The trial was expanded to include 12 more patients with locally advanced or metastatic HER2-negative breast cancer. These patients received the recommended phase 2 dose of 35 mg/m of PTX-200, together with 80mg/m/week of paclitaxel, followed by standard doxorubicin-cyclophosphamide and surgery for locally advanced disease. Ten patients were evaluable to assess for their clinical response, with five patients having locally advanced disease and five experiencing metastatic disease.
The overall response rate was made up of complete and partial responses to drug therapy, with complete response defined as full eradication of cancer, while partial response refers to an incomplete eradication of the patient’s cancer.
Prescient cited studies from GN Hortobagyi and his colleagues in the Journal of Clinical Oncology and Professor Sparano and his fellow researchers in two Breast Cancer Research and Treatment journal articles to affirm the expected industry average for a response from weekly chemotherapy would produce a complete recovery rate of 8-48% for all subtypes.
Similarly, Prescient’s survey of the same research found the typical complete recovery rate for locally advanced ER-positive HER2-negative breast cancer was 16% (11-22%), while their overall response rate was 25%.
Of the 10 evaluable women from Prescient’s study, two ER-positive women experienced a pathological complete response, but none of the triple negative women experienced full recovery, taking the complete recovery rate to 20%.
Four women in the evaluable group were ER-positive and six were triple negative.
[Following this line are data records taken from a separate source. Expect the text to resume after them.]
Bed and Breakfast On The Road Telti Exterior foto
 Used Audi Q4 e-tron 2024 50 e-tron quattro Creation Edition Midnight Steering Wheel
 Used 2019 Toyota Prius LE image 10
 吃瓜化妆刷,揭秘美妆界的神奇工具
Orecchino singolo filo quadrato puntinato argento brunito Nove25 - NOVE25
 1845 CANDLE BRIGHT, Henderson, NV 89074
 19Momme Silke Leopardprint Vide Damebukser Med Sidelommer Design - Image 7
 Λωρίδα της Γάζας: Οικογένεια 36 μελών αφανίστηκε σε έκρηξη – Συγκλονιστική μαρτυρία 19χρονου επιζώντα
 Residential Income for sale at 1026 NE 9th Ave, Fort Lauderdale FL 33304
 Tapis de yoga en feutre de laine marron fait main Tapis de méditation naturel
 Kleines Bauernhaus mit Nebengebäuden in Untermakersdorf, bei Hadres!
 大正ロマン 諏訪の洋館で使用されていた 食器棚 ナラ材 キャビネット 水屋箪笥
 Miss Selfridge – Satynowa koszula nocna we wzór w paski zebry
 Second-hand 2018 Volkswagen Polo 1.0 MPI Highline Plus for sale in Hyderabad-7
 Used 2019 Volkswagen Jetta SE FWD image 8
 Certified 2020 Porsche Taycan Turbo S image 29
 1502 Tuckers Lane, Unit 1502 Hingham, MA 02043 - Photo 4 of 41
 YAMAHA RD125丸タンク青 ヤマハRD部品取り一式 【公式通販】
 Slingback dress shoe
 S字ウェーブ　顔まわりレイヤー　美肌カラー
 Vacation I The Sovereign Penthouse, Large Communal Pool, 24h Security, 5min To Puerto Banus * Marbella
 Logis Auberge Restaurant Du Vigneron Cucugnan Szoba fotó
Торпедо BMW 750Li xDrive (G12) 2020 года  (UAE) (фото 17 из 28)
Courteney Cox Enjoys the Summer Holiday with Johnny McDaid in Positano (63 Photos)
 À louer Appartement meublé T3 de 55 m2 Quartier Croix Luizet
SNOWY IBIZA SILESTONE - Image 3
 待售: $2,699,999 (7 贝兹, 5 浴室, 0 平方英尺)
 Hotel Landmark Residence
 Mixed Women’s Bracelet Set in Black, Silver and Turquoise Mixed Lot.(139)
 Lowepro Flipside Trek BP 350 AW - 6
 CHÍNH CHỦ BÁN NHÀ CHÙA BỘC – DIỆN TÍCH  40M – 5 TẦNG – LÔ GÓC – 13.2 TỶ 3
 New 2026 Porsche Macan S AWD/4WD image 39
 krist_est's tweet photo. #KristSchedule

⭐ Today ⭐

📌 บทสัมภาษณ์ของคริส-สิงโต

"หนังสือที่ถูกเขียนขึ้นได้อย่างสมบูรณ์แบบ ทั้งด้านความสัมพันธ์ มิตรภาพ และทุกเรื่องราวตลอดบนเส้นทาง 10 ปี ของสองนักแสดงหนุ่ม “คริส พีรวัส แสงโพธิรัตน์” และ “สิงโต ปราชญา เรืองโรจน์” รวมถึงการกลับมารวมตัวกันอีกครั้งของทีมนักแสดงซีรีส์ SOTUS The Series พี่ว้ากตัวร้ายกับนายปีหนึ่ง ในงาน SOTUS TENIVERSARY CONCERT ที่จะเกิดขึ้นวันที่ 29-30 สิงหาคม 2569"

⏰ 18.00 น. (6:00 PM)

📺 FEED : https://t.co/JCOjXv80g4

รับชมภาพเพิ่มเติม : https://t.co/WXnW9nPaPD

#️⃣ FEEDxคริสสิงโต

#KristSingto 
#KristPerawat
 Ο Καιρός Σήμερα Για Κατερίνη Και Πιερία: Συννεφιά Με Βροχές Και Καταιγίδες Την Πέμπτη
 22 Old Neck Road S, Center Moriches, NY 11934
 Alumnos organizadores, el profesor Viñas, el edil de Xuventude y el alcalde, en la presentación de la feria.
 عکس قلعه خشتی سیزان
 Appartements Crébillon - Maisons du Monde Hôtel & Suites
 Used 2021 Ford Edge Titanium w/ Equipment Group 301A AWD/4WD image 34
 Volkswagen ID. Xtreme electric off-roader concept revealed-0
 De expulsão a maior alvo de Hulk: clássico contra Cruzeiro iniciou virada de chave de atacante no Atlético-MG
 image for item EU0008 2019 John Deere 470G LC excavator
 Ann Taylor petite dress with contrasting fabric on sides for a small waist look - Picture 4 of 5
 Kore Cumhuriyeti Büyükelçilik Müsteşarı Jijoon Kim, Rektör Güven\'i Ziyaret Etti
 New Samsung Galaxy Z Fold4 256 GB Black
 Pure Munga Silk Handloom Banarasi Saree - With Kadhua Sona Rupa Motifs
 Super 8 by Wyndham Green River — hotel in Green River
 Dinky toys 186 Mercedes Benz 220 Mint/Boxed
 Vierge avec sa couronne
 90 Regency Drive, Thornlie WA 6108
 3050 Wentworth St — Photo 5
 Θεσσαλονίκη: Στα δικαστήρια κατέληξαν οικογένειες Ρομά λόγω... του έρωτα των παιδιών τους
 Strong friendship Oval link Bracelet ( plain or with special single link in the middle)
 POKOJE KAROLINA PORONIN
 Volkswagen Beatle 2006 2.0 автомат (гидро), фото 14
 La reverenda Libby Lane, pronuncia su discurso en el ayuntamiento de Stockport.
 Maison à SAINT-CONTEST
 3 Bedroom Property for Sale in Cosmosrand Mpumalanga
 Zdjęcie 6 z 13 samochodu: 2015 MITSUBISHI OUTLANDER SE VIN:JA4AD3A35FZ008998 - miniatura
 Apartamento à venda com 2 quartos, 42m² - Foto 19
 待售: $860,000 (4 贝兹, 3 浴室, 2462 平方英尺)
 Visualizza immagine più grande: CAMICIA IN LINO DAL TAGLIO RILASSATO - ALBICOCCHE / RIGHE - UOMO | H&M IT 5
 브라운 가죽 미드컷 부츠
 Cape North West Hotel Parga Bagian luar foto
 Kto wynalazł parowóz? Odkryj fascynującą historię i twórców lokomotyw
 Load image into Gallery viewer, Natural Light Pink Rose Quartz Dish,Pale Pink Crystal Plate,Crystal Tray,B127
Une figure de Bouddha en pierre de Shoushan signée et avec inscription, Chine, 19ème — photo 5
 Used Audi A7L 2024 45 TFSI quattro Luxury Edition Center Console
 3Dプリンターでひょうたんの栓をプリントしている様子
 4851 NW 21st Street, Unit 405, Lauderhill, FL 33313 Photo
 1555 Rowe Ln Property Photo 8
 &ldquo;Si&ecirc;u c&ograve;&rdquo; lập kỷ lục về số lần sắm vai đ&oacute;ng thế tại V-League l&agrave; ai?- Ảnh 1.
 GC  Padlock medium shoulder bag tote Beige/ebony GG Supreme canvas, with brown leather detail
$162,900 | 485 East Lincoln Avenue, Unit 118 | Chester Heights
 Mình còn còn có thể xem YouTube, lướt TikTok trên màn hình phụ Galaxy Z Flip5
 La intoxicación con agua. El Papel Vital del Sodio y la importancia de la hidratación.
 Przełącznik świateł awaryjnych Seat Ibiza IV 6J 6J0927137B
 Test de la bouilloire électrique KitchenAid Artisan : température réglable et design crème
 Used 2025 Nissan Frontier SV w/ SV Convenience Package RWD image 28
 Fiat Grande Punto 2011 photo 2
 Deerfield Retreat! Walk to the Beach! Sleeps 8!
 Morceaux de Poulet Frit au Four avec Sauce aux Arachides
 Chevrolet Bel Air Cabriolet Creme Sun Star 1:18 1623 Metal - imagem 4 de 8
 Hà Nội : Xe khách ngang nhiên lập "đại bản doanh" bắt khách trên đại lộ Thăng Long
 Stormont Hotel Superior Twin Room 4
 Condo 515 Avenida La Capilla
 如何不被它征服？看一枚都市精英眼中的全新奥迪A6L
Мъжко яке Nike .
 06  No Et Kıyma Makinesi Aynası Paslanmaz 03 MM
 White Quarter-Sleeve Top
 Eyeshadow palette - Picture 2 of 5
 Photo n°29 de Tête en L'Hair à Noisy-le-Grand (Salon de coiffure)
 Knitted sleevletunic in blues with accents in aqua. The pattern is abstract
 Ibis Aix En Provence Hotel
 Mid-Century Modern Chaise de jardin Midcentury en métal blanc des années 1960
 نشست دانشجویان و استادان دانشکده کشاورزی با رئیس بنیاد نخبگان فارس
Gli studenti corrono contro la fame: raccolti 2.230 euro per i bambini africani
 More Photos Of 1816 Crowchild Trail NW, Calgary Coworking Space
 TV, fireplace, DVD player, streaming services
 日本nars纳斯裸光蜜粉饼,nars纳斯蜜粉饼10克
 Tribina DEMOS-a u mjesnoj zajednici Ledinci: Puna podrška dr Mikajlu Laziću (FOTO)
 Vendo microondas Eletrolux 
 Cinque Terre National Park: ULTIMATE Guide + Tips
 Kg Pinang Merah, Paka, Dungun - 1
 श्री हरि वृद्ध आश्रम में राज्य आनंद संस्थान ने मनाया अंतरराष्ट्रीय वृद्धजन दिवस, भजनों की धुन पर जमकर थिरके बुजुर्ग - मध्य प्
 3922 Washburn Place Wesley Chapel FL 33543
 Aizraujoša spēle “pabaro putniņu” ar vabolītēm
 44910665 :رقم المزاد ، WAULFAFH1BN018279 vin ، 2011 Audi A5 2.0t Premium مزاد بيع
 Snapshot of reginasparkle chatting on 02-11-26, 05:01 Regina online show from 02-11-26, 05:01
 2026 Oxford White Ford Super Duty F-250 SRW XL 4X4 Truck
One ER-positive woman experienced partial recovery, and two triple-negative patients also had partial response, putting the partial response rate at 30%.
The combined overall response rate — both recovered and partially recovered — for the women was an encouraging 75% for the three ER-positive women and 33% for the two triple-negative patients, to deliver the overall result of 50% for the study.
Returning the evaluable group’s results, another ER-positive woman was judged as having stable disease — no progression, but no reduction, while two more triple-negative patients were also classified as stable, placing the stable disease rate at 30%.
No ER-positive woman experienced progressive disease, while two women from the triple-negative group experienced the disappointing response, putting the study’s progressive disease rate at 20%.
Five patients from the phase 1b study who have progressed to the phase 2 study have been qualified to be assessed for the phase 2 data.
The phase 2 trial in 26 patients will use a two-stage Simons MinMax design. If at least three complete recoveries are observed in the first 11 patients, then the phase 2 trial expands to include another 15 patients. For the purposes of this analysis, two complete recoveries have already been observed in the first five patients.
PTX-200 and other studies
Prescient’s early stage therapeutic PTX-200 is its leading drug candidate. It works by inhibiting the Akt tumour survival pathway, which plays a role in breast and ovarian cancer and leukaemia.
Prescient describes its Akt inihibitor as relatively safe when compared to other a number of known non-specific kinase inhibitors that have toxicity problems.
Three studies are under way for the PTX-200 compound. They include the phase 2 trial in breast cancer patients at Montefiore and the Moffitt, a phase 1b/2 trial in in acute myeloid leukemia in the US under the guidance of Prof Jeffrey Lancet, and another phase 1b/2 trial, in combination with current standard of care, in patients with recurrent or persistent platinum resistant ovarian cancer at the Moffitt.